Alors que l’aide traditionnelle Nord-Sud marque le pas face aux contraintes budgétaires et aux nouvelles priorités géopolitiques, les partenariats entre pays en développement s’imposent comme une alternative crédible. Le programme annoncé par le PAM incarne cette nouvelle dynamique : 9,3 millions de dollars fournis par le gouvernement sud-coréen pour un modèle d’intervention pensé sur le long terme et ancré dans les réalités locales.

Un programme multi-dimensionnel ciblant le Nord du pays

L’initiative cible 50 000 écoliers répartis dans 200 écoles primaires des régions de Bagoué, Bounkani, Poro et Tchologo – des zones du Nord où la malnutrition et l’insécurité alimentaire demeurent plus marquées. Au-delà de la simple distribution de repas, le programme adopte une approche holistique articulée autour de plusieurs piliers.

Le volet alimentaire repose sur un modèle d'”alimentation scolaire locale” ou “home-grown school feeding”. Concrètement, les repas nutritifs servis aux enfants seront produits localement, créant ainsi une chaîne de valeur qui bénéficie directement aux communautés rurales. Cette approche contraste avec les programmes d’aide traditionnels qui s’appuient sur des importations alimentaires.

Pour rendre ce modèle opérationnel, 100 groupes d’agriculteurs locaux bénéficieront d’un accompagnement technique visant à améliorer la qualité et la quantité de leur production. Ces petits producteurs établiront des liens directs avec les cantines scolaires, leur garantissant des débouchés stables et prévisibles – un facteur crucial pour la planification agricole.

Le programme intègre également des volets complémentaires sur l’eau, l’hygiène et l’assainissement, avec l’installation de points de lavage des mains dans les écoles, ainsi que des modules d’éducation à la nutrition et à l’hygiène destinés aux élèves et aux communautés environnantes.

Une stratégie alignée sur les priorités nationales

Loin d’être une intervention isolée, ce partenariat s’inscrit dans le cadre des politiques publiques ivoiriennes. Le pays dispose déjà d’un Programme Intégré de Pérennisation de Cantines Scolaires (PIPCS) et d’une stratégie nationale d’alimentation scolaire validée pour 2024-2025, avec l’objectif ambitieux d’assurer un repas chaud équilibré à tous les élèves du primaire d’ici 2030.

La mise en œuvre mobilise plusieurs ministères – Éducation nationale et Alphabétisation (direction des cantines scolaires), Agriculture, Développement rural, Hygiène publique et Santé – témoignant d’une volonté de coordination interministérielle. Cette approche interagences est essentielle pour maximiser les synergies entre secteurs souvent cloisonnés.

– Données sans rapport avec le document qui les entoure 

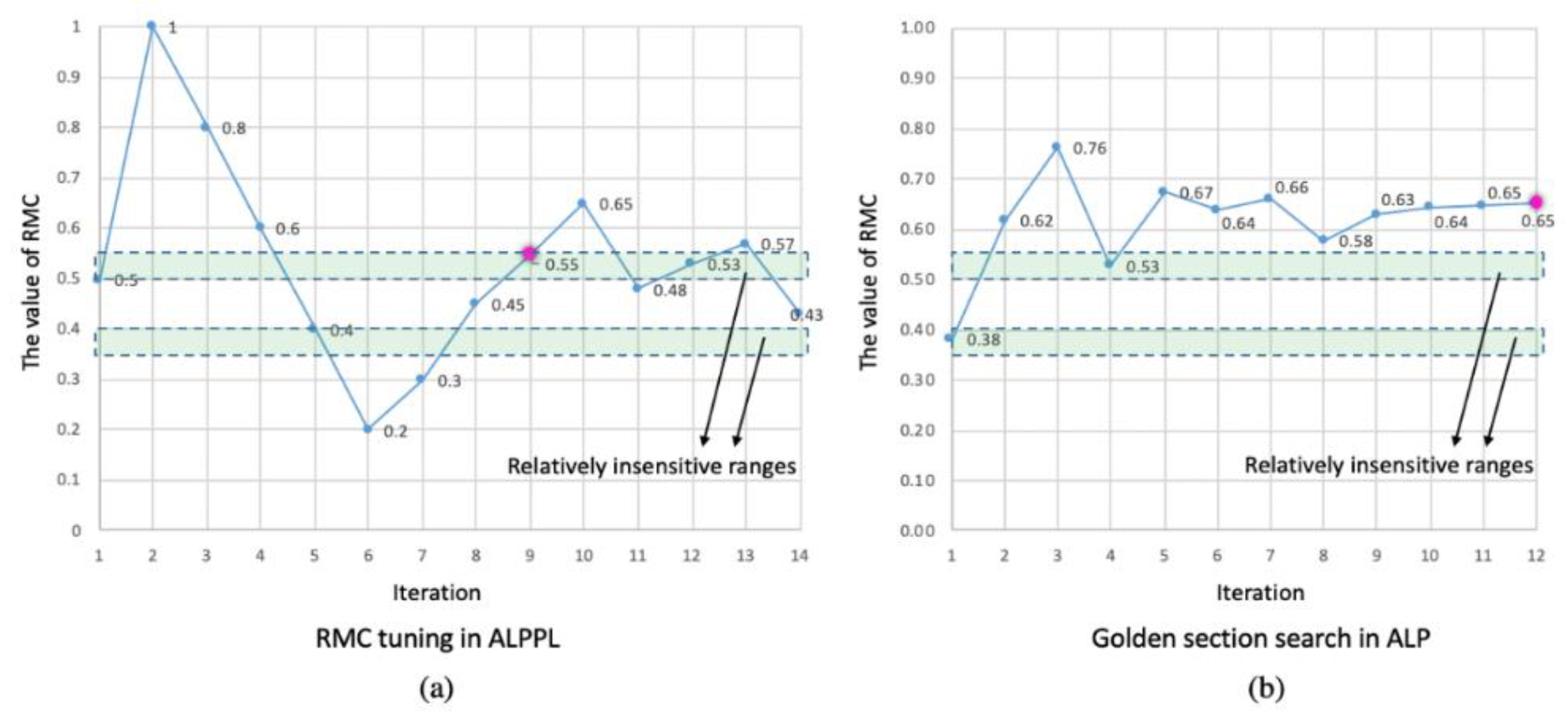 Algorithms 17 00088 g015 Algorithms 17 00088 g015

L’expérience coréenne comme source d’inspiration

L’engagement de la Corée du Sud dans ce domaine ne relève pas du hasard. Le directeur pays de KOICA en Côte d’Ivoire, Kim Sangjun, a souligné que le programme “reflète une leçon profondément ancrée dans l’histoire de la Corée : la conviction qu’un seul repas nutritif peut libérer le potentiel d’un enfant.”

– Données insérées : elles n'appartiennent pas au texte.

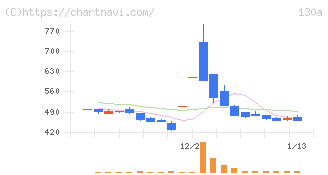 Ｖｅｒｉｔａｓ　Ｉｎ　Ｓｉｌｉｃｏ(130A)の日足チャート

Cette référence à l’expérience nationale coréenne est significative. La Corée du Sud, elle-même bénéficiaire de l’aide internationale dans les années 1960, a transformé son économie en quelques décennies pour devenir un pays développé. Cette trajectoire inspire aujourd’hui sa politique de coopération, axée sur le partage d’expériences concrètes plutôt que sur un simple transfert financier.

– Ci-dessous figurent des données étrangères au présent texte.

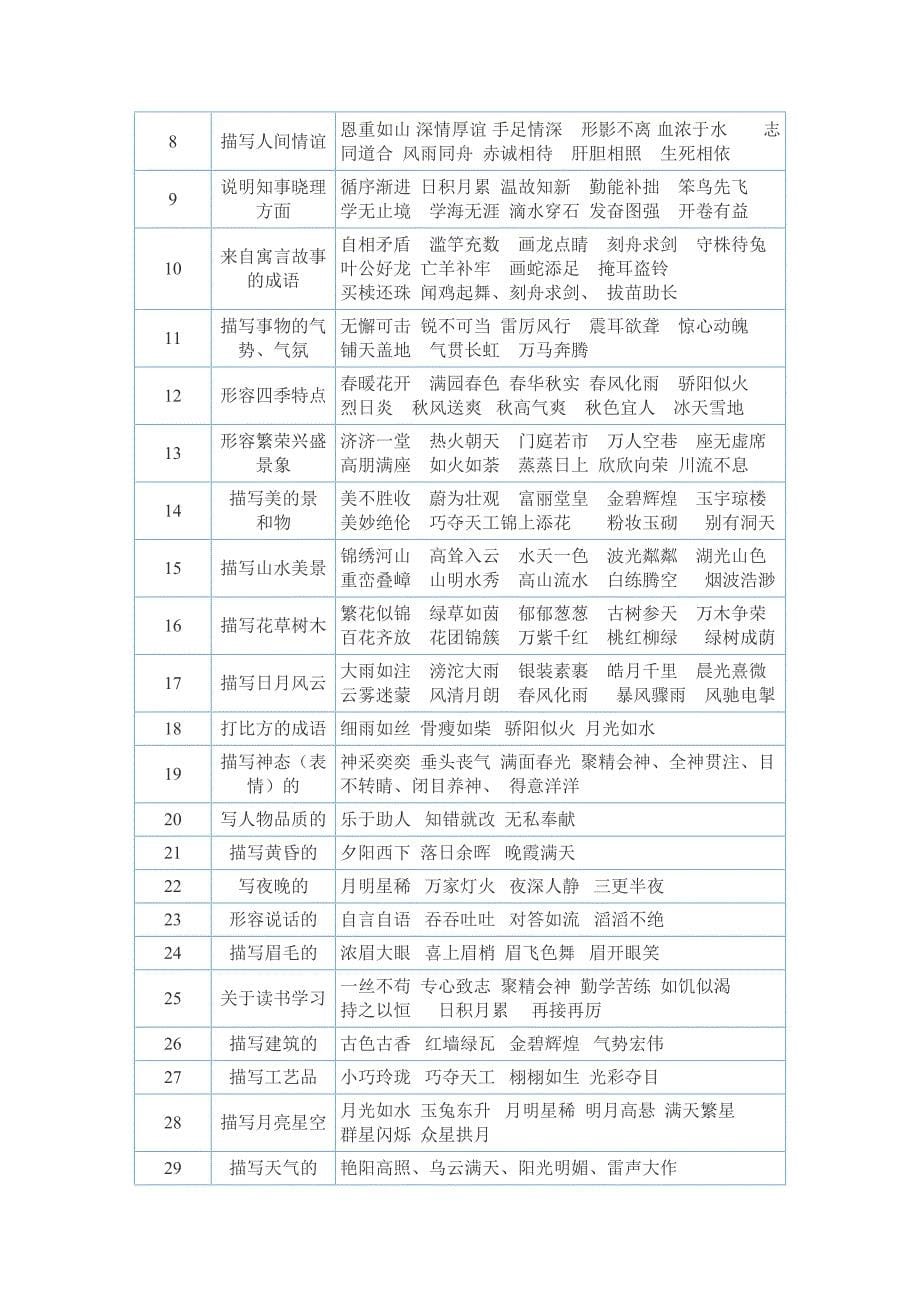 小学古诗词归类复习资料_第5页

Des impacts économiques mesurables attendus

Au-delà des bénéfices nutritionnels et éducatifs directs pour les 50 000 enfants ciblés, les retombées économiques du programme s’annoncent substantielles. L’achat local de denrées alimentaires stimulera les producteurs ruraux, créera de la demande et facilitera la structuration d’entreprises agricoles ou agro-alimentaires dans des régions souvent marginalisées économiquement.

Cette dynamique peut contribuer à réduire la dépendance aux importations alimentaires pour les écoles, limitant ainsi les sorties de devises et renforçant l’autonomie alimentaire du pays. Par ailleurs, le lien entre agriculture, alimentation scolaire et éducation constitue un catalyseur pour développer le capital humain – condition sine qua non d’une économie basée sur la connaissance.

Les défis de la durabilité

Malgré ces promesses, des interrogations subsistent. La durabilité financière demeure un défi majeur : sans mécanisme de financement pérenne au-delà de 2029, les cantines risquent de perdre en qualité. Le succès du programme repose également sur la solidité des systèmes locaux – gestion des cantines, capacités des agriculteurs, efficacité des chaînes d’approvisionnement – qui nécessiteront un renforcement institutionnel continu.

Ce partenariat illustre néanmoins que la coopération Sud-Sud, lorsqu’elle est bien conçue, peut dépasser le simple transfert d’aide pour devenir un véritable levier de transformation structurelle. Un modèle dont les résultats seront scrutés de près par d’autres pays africains en quête de solutions durables pour conjuguer éducation, nutrition et développement rural.